To consider that we can fund nationalised industries on assets taken from the rich are short sighted because most of those assets are already mostly funded by debt, but to continue funding private debt by simply adding to the pile of printed money and inflated share values is equally myopic. When I left school, I could look forward to a job for life like my dad and grandad before me (hopefully not punctuated by two world wars like theirs), but in fact I have had to come to terms with change and have now lost count of the number of companies who have employed me over the years. This does not faze the modern workforce who expect job and career changes at regular intervals as a normal state of a working life and are mentally equipped for it. My point? Times change and social and political outlooks must change with them. Unfortunately, this is not the case with both left and right remaining glued do outdated ideologies.

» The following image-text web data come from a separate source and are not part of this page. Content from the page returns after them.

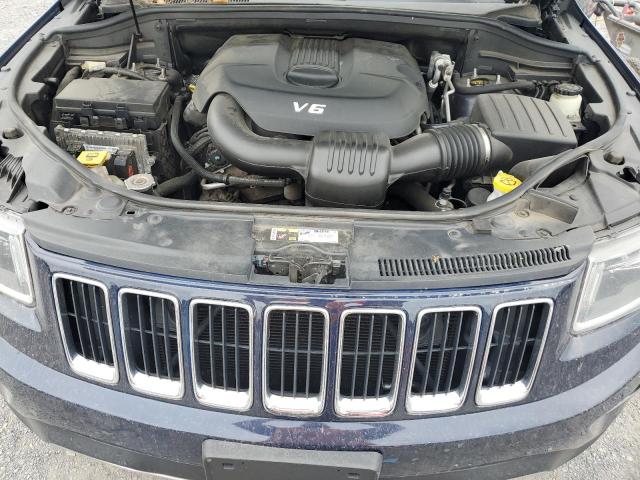 VIN 1C4RJFBG8EC259133 2014 Jeep Grand Cherokee, Lim... no.12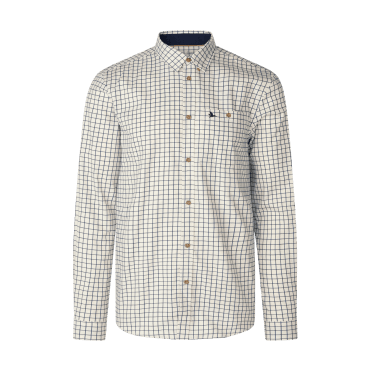 Mens Oxford Shooting Shirt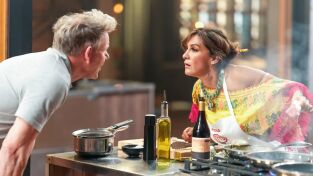 Masterchef (USA). T(T15). Masterchef (USA) (T15): Ep.8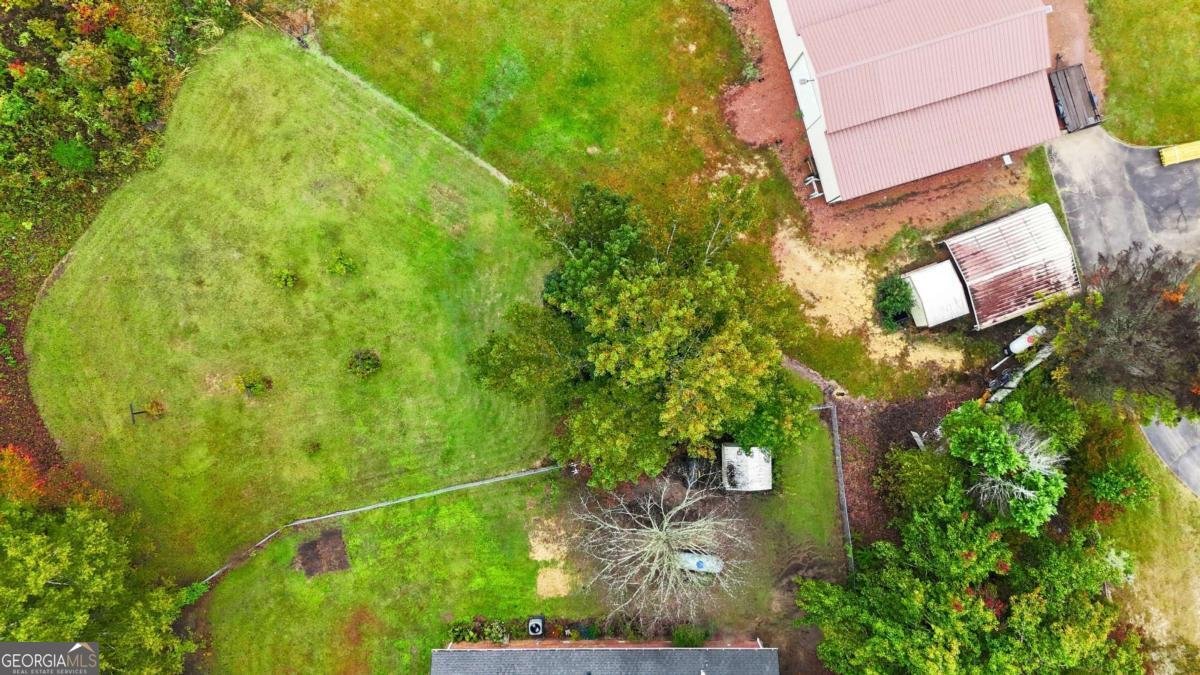 1024 New Rosedale Road Armuchee - 32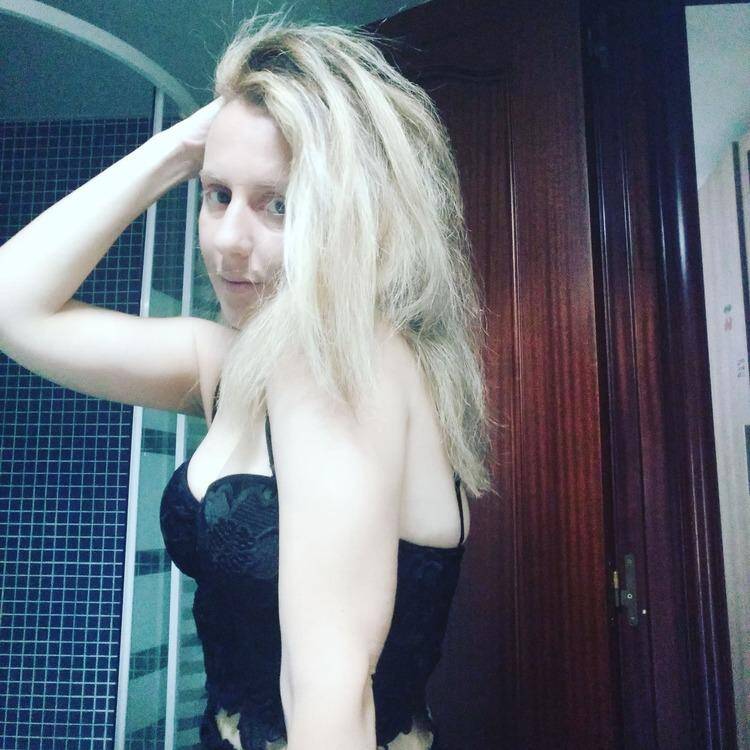 Foto de perfil de Aida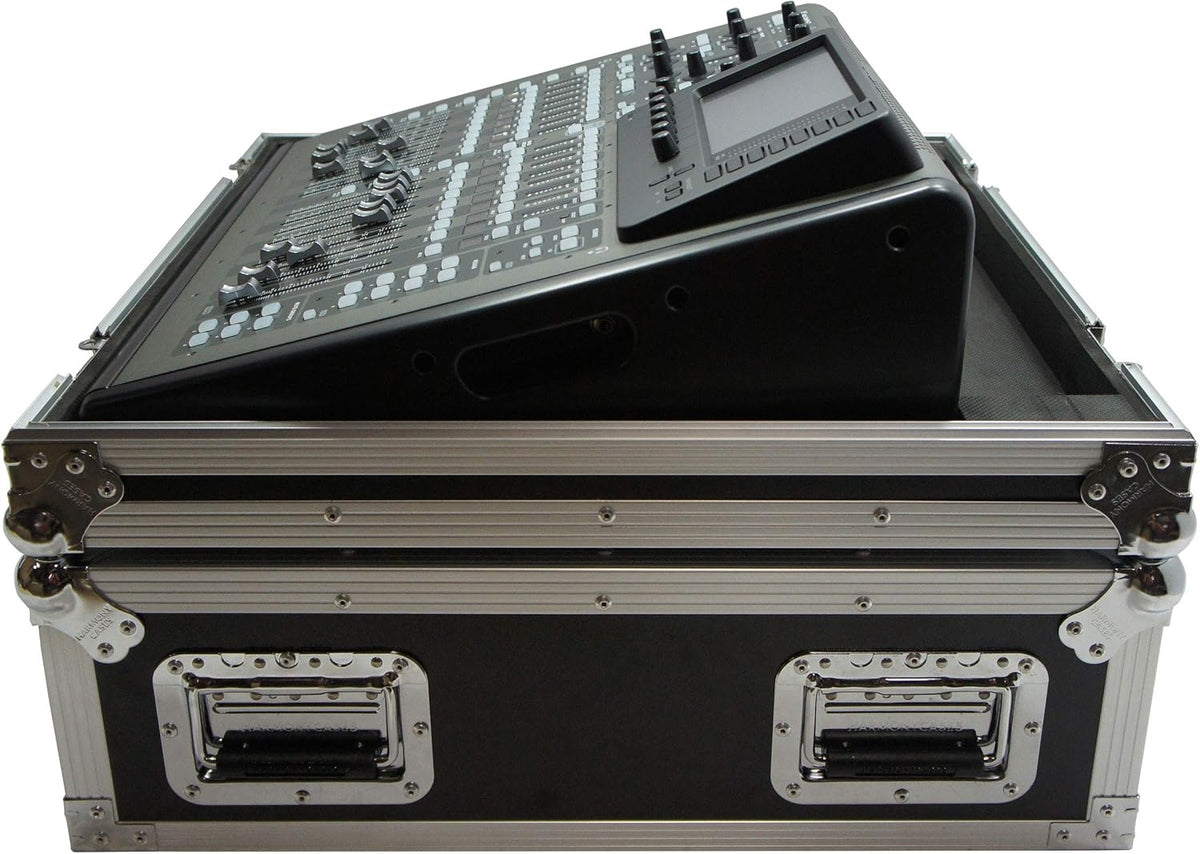 Flight Transport Road Custom Case T8360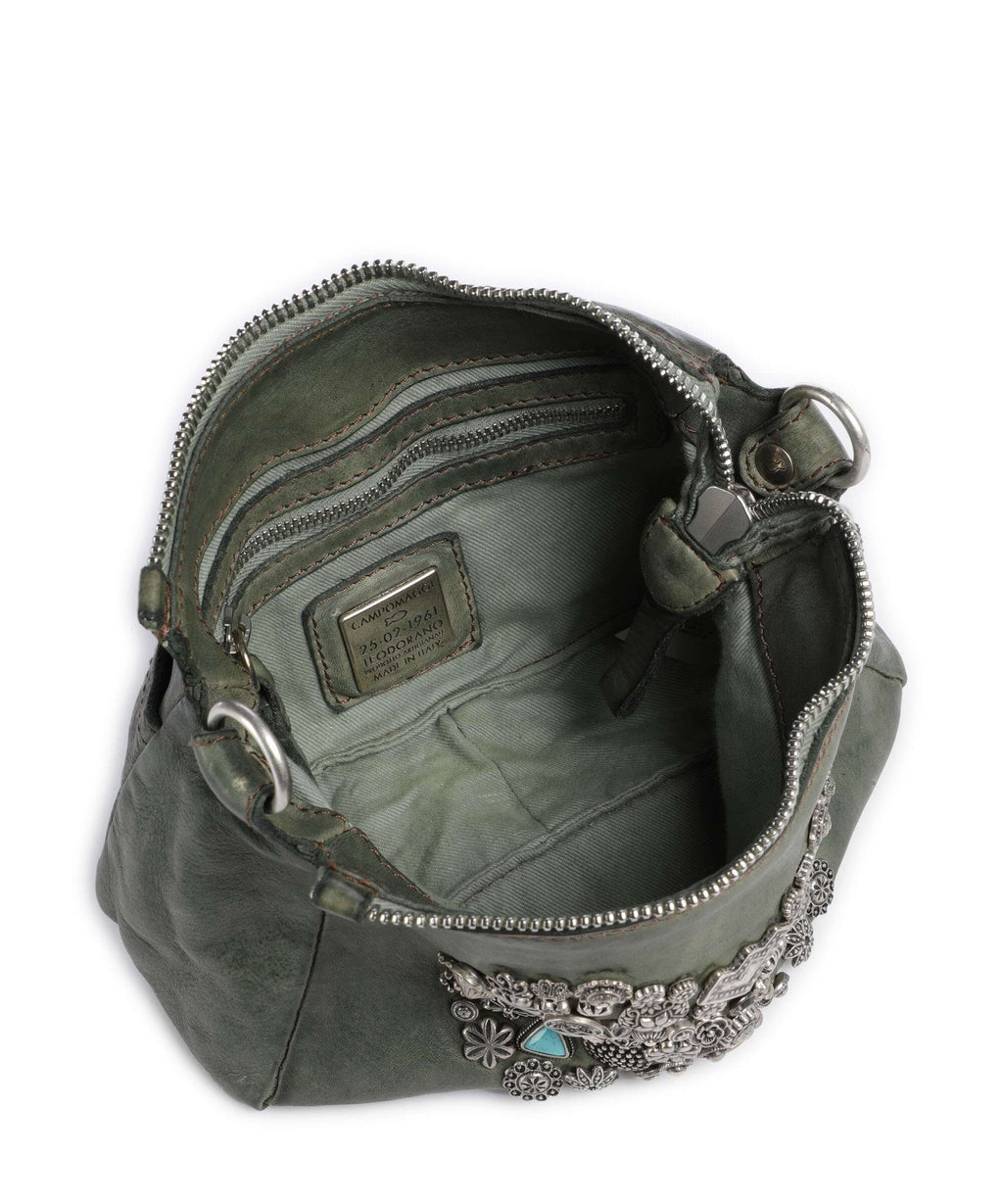 Campomaggi Shoulder bag lake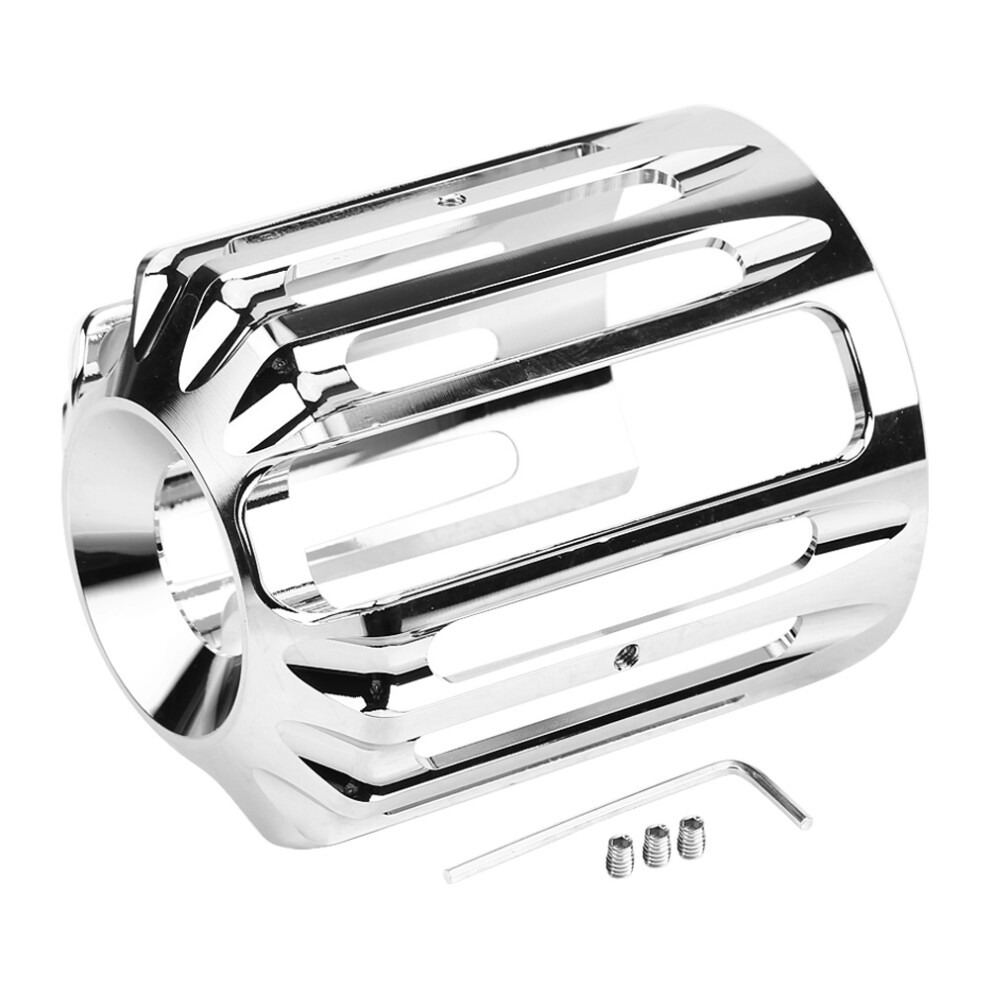 Reusable Oil Filter Cover For Harley-Davidson Engines, Aluminum Cnc Cut Motorcycle Engine Oil Filter Cap With Machined From Aluminum Billet Technique 9190834514598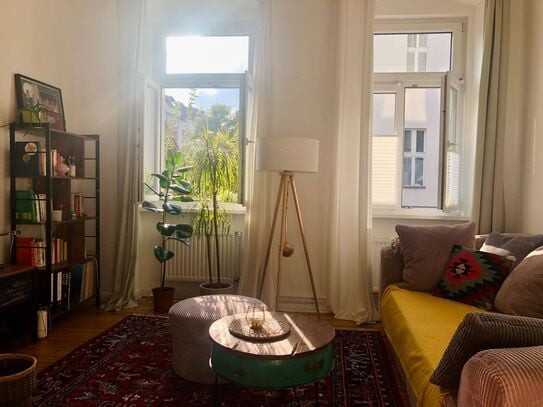 Awesome & modern suite in Neukölln, Berlin - Amsterdam Apartments for Rent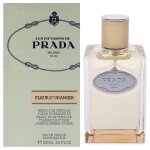Eau de parfum femme prada infusion de fleur d'oranger 100ml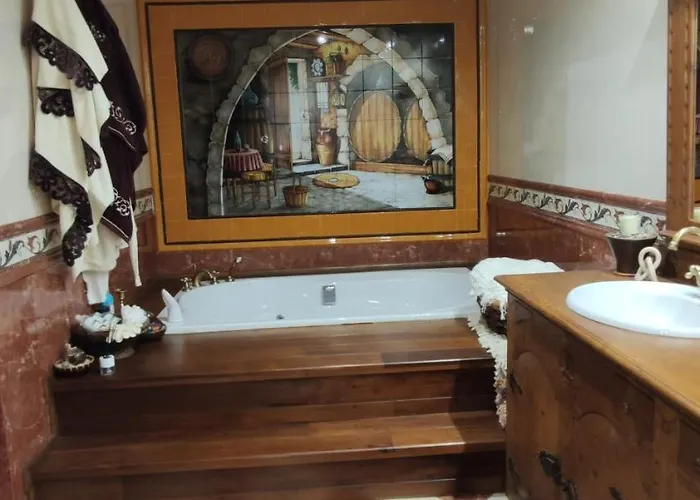 Dolaretxe Вілла *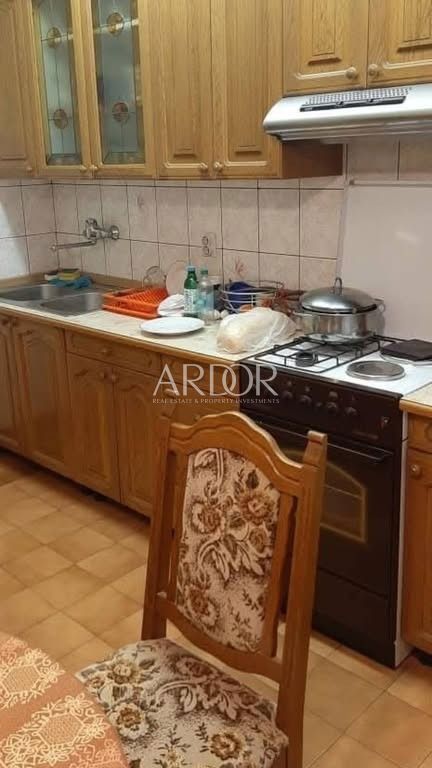 Apartmaj Zamet, Rijeka, 51,92m2
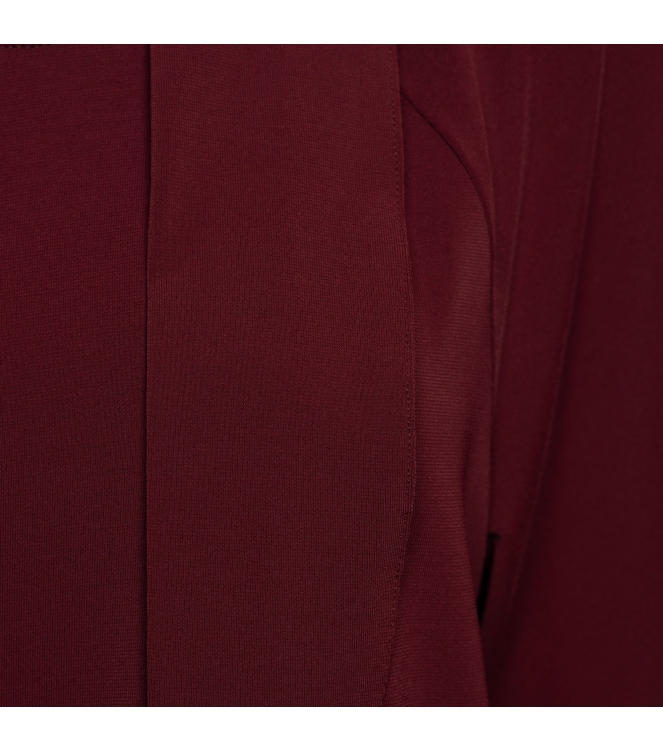 &co TO388 Rood bordo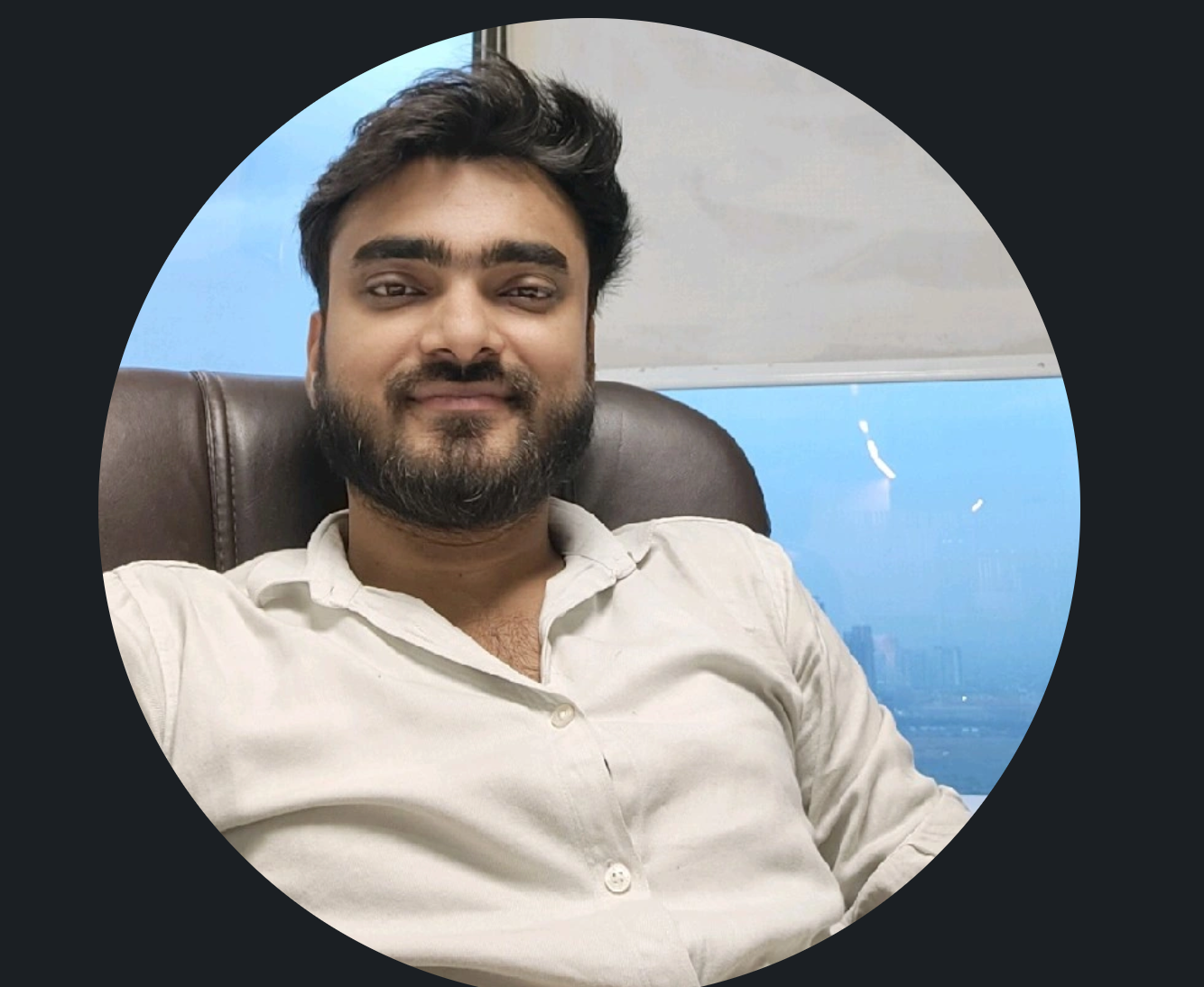 Anshu Chaurasiya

Both sides must change. Surely both political and social attitudes towards the status quo must be challenged, but based on a clear knowledge of the past, not rose-tinted vision of class jealousy that is currently holding us back. Takeovers by spurious financial instruments must be stopped and overcome with real value by encouraging genuine entrepreneurs and inventors whilst social attitudes must be steered away from a free ride. Our political organisations and attitudes also need to be reorganised, along with the disestablishment of reliance on an unelected upper house and commitment to a parliamentary democracy that fails to support the will of the majority, not just on Brexit, but in so many other ways.
There, I said I was doubtful over whether I should join this thread and by saying that I both believe and disbelieve you all at the same time, I guess I have done my best , at length, to insult everyone at the same time, (a rare feat, I am sure you will agree), I could meander on, but I will stop and get prepared for my cruise in the Med.